What you return must match the listing below line for line, minus its pictures.
*** Data ***
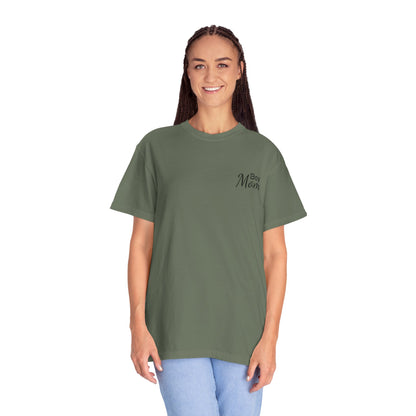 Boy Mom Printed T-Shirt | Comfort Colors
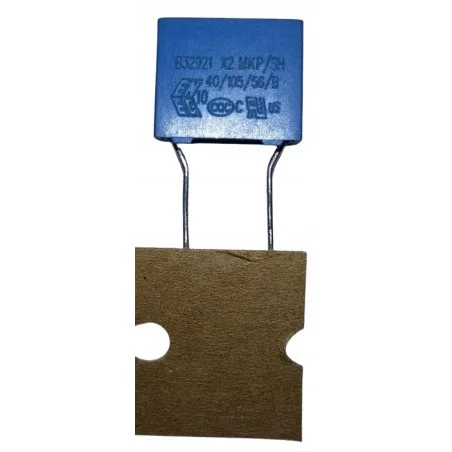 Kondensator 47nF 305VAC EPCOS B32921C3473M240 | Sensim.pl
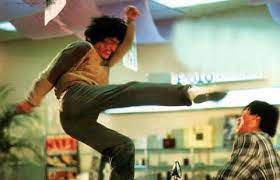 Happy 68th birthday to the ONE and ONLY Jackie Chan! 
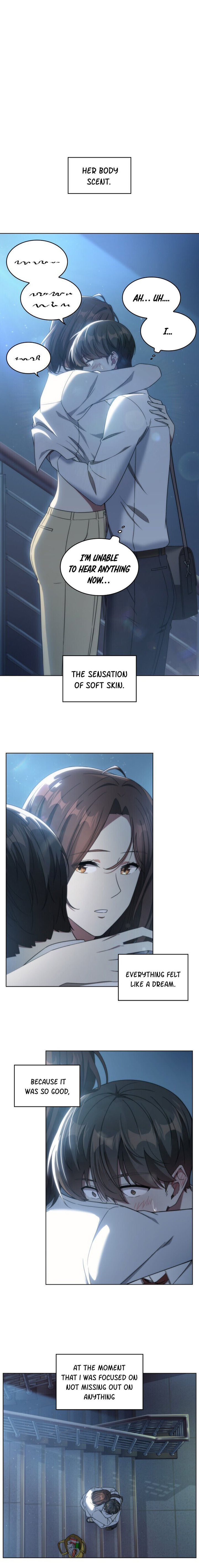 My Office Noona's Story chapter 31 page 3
***
Output for this task =>
 Boy Mom Printed T-Shirt | Comfort Colors
 Kondensator 47nF 305VAC EPCOS B32921C3473M240 | Sensim.pl
 Happy 68th birthday to the ONE and ONLY Jackie Chan! 
 My Office Noona's Story chapter 31 page 3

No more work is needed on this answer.